▶ _PROMPT_
Among the entries below, only the lines from the one with "7941 SYCAMORE DR — photo 16" through the one with "Small Spring for" are wanted, reproduced exactly. Pictures are not wanted.

*** Opening DATA FOR THIS EXERCISE ***

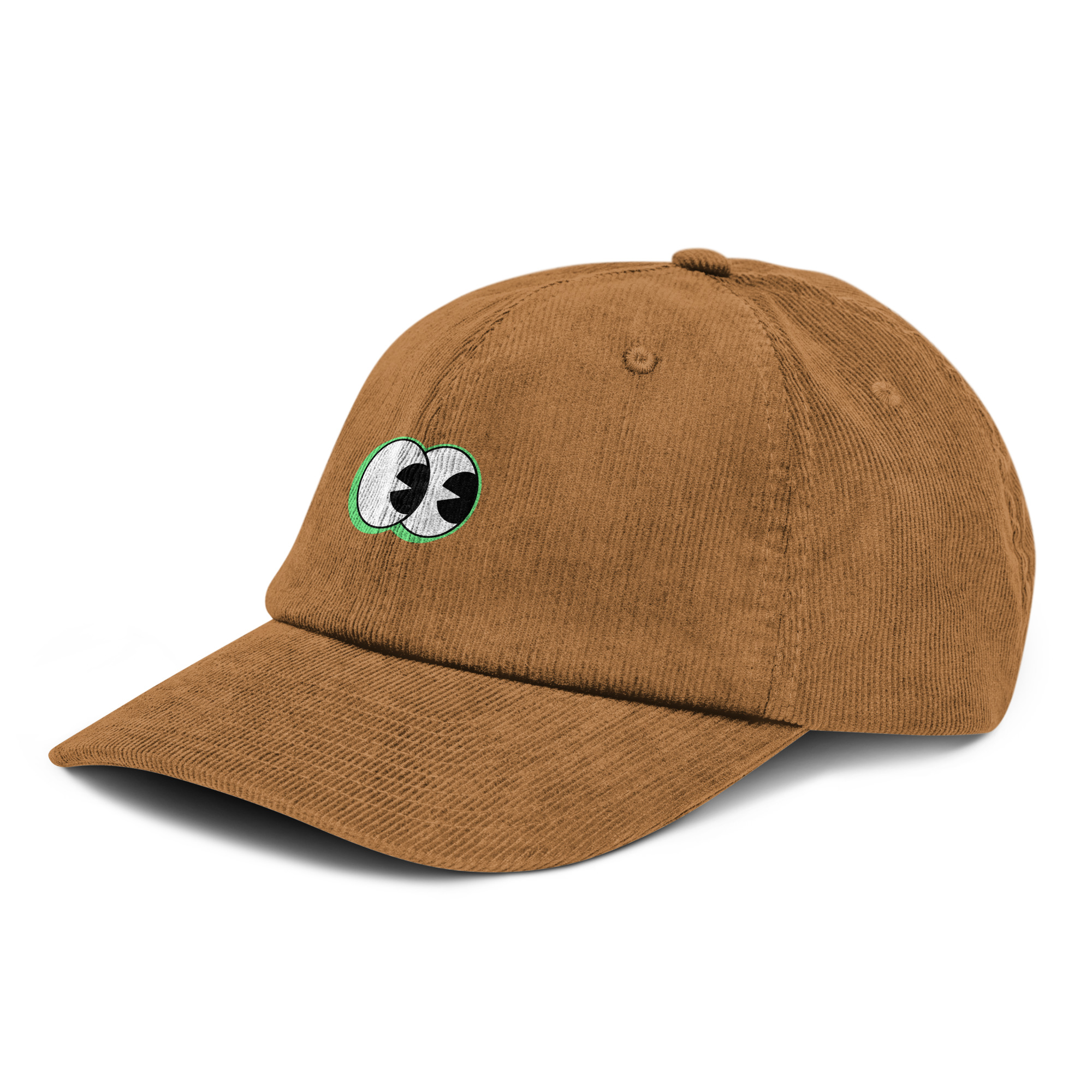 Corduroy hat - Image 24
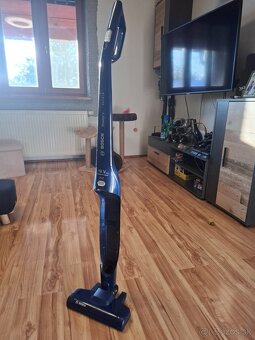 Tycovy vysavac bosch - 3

*** Closing DATA FOR THIS EXERCISE ***
*** Opening DATA FOR THIS EXERCISE ***

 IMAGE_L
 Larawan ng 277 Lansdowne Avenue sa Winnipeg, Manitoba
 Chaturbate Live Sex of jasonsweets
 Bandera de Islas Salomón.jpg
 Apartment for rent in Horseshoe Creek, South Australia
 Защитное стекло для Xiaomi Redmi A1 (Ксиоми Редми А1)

*** Closing DATA FOR THIS EXERCISE ***
*** Opening DATA FOR THIS EXERCISE ***

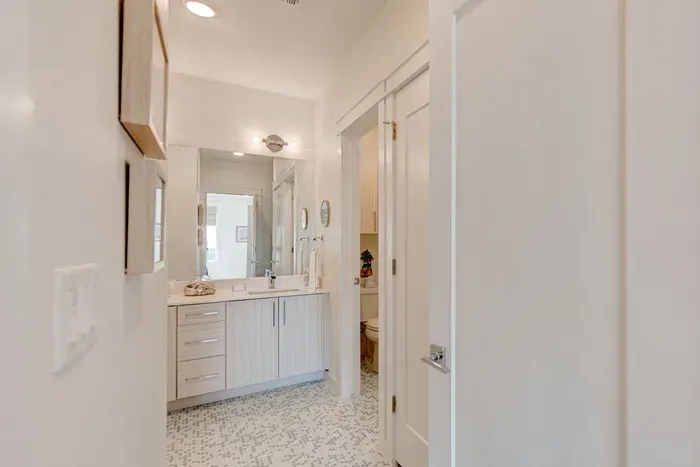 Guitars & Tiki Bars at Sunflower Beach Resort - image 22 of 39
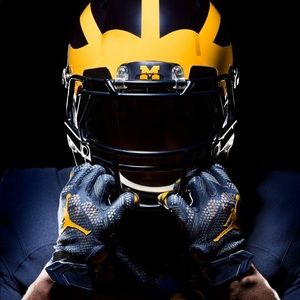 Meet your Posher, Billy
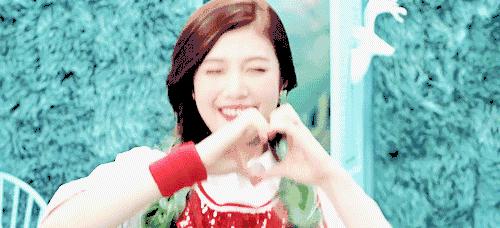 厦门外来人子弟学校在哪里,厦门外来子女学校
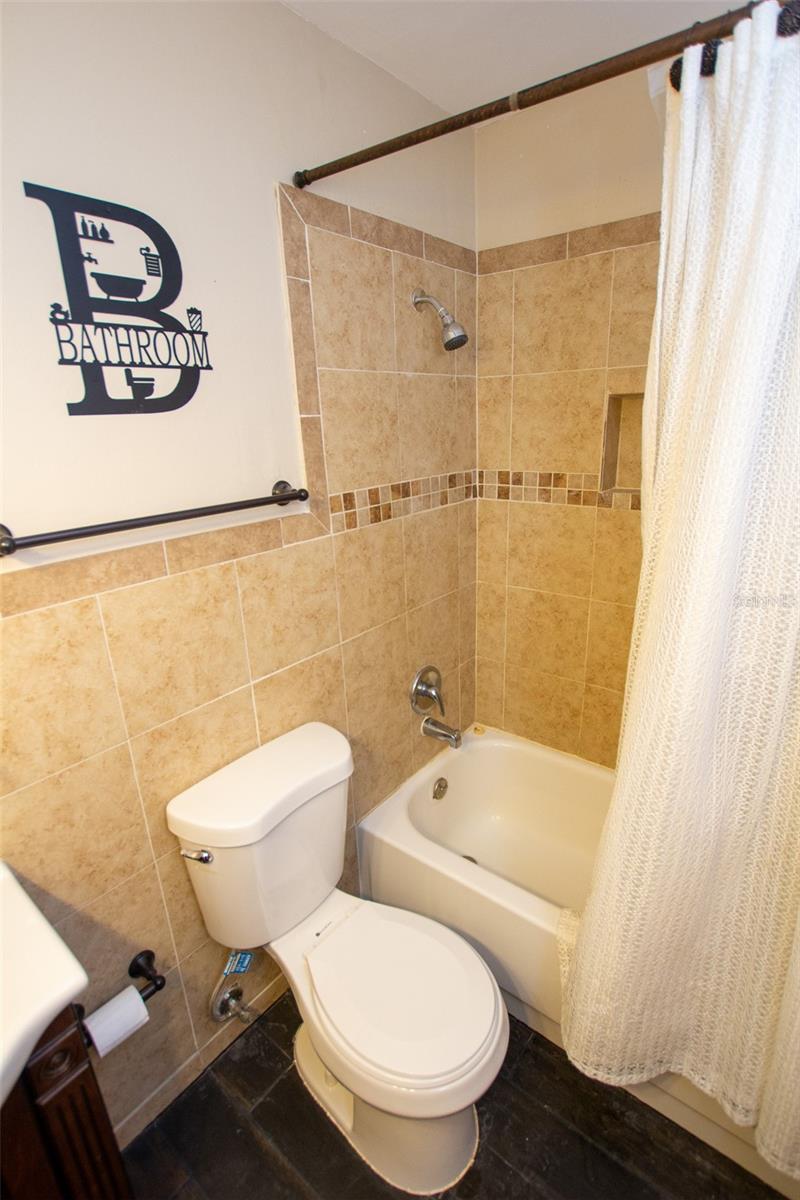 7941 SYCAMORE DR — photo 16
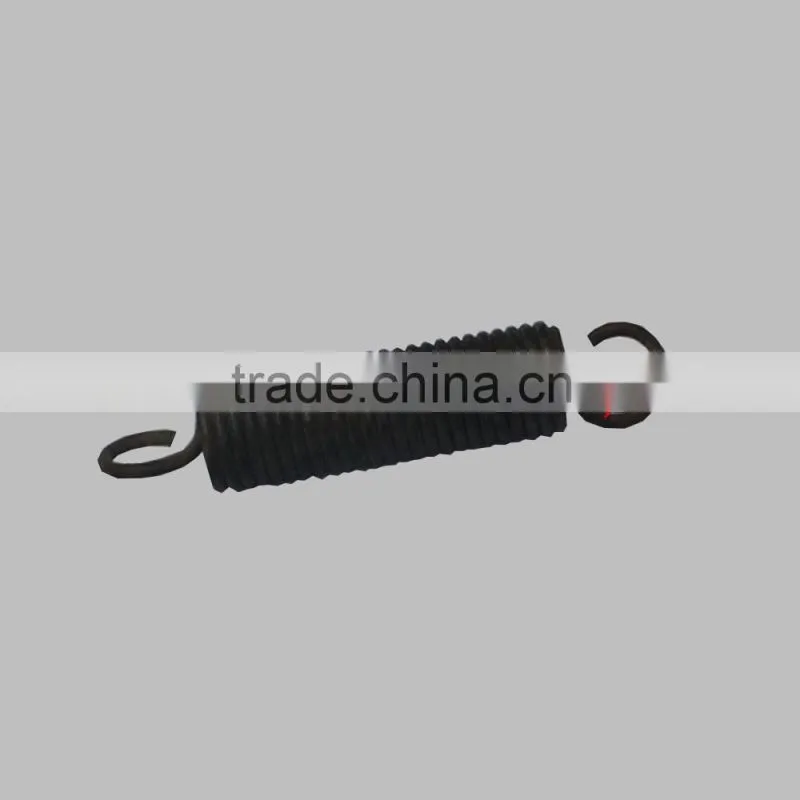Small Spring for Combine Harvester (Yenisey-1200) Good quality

*** Closing DATA FOR THIS EXERCISE ***

▶ _RESULT_
 7941 SYCAMORE DR — photo 16
Small Spring for Combine Harvester (Yenisey-1200) Good quality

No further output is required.